WHAT THIS TASK INVOLVES —
Produce a word-for-word copy of the listing below without its pictures.

DATA SEGMENT —
§

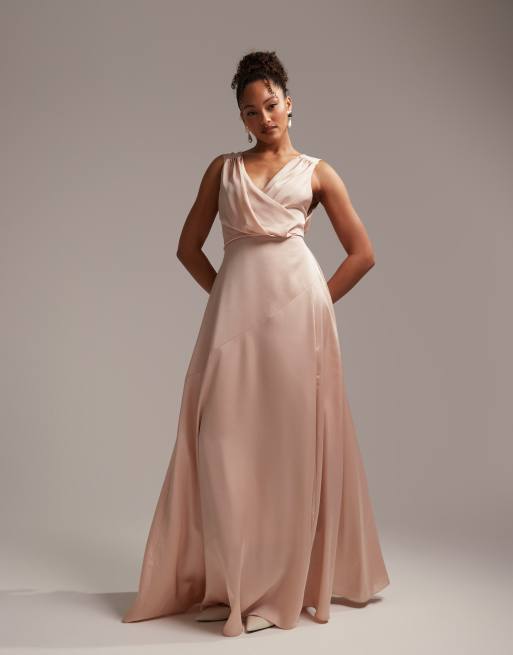 ASOS DESIGN Robe longue de demoiselle d honneur en satin avec corsage effet croise Blush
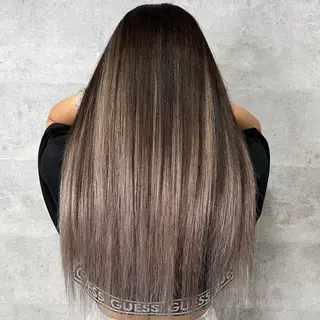 ロング カラー シールエクステ特化 ハイトーン、NANAのヘアスタイル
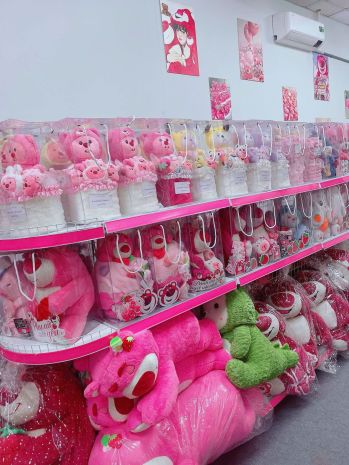 Cần sang gấp shop phụ kiện quà tặng  bao gồm tất cả hàng 6395529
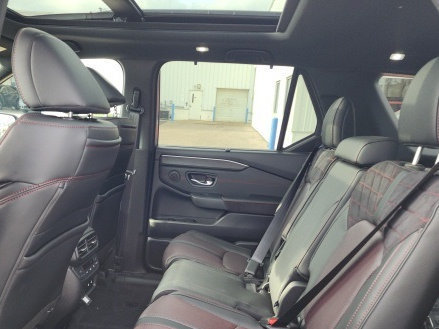 New 2026 Honda Pilot Black Edition image 20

§

RESPONSE BELOW —
 ASOS DESIGN Robe longue de demoiselle d honneur en satin avec corsage effet croise Blush
 ロング カラー シールエクステ特化 ハイトーン、NANAのヘアスタイル
 Cần sang gấp shop phụ kiện quà tặng  bao gồm tất cả hàng 6395529
 New 2026 Honda Pilot Black Edition image 20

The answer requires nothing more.